A report by the world’s chemical weapons watchdog that the banned nerve agent sarin was used in an attack in northern Syria in April is based on “doubtful evidence”, Russian news agencies quoted Russia’s Foreign Ministry as saying on Friday.
The report, seen by Reuters on Thursday, was circulated to members of the Organisation for the Prohibition of Chemical Weapons (OPCW) in The Hague, but was not made public.
The attack on 4 April, when dozens of people were killed in the town of Khan Sheikhoun in northern Idlib province, was the most deadly in Syria’s civil war in more than three years. It prompted a US missile strike against a Syrian air base which Washington said was used to launch the strike.
“Unfortunately, after a first reading of this document we are forced to note that its conclusions are based on extremely doubtful evidence,” TASS news agency quoted Russia’s Foreign Ministry as saying.
“The contents of the report compiled by a special commission of the OPCW, are largely biased, which makes us think that the activities of this structure serve a political order, TASS quoted the ministry as saying.

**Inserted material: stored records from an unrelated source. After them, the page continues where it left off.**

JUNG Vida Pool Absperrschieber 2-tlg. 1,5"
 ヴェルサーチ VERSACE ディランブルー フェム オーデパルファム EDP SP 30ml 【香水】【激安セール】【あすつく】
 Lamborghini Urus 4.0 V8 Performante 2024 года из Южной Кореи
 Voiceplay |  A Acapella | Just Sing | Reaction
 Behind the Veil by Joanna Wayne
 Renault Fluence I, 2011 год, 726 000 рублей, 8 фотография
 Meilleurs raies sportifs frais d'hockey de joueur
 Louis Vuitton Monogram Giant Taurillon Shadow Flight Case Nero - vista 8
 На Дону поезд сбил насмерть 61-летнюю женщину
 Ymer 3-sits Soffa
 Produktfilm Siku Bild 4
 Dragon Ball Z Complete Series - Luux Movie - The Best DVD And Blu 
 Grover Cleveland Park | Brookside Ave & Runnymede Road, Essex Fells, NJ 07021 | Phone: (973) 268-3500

Russia and its allies in the administration of Syrian President Bashar al-Assad deny that his forces deployed chemical weapons in Khan Sheikhoun.
Moscow has said the attack was carried out by Assad’s opponents, who, Russian officials alleged, made it look as though it was the work of government forces.
In June 2017 journalist Seymour Hersh leaked a conversation to Die Welt appearing to show US intelligence officials having serious doubts about whether the attack really happened. In an investigative piece, Hersh claimed that “Syrians had targeted a jihadist meeting site on 4 April using a Russian-supplied guided bomb equipped with conventional explosives” which produced a release of chemicals, including the chlorine detected by Médecins Sans Frontières (MSF).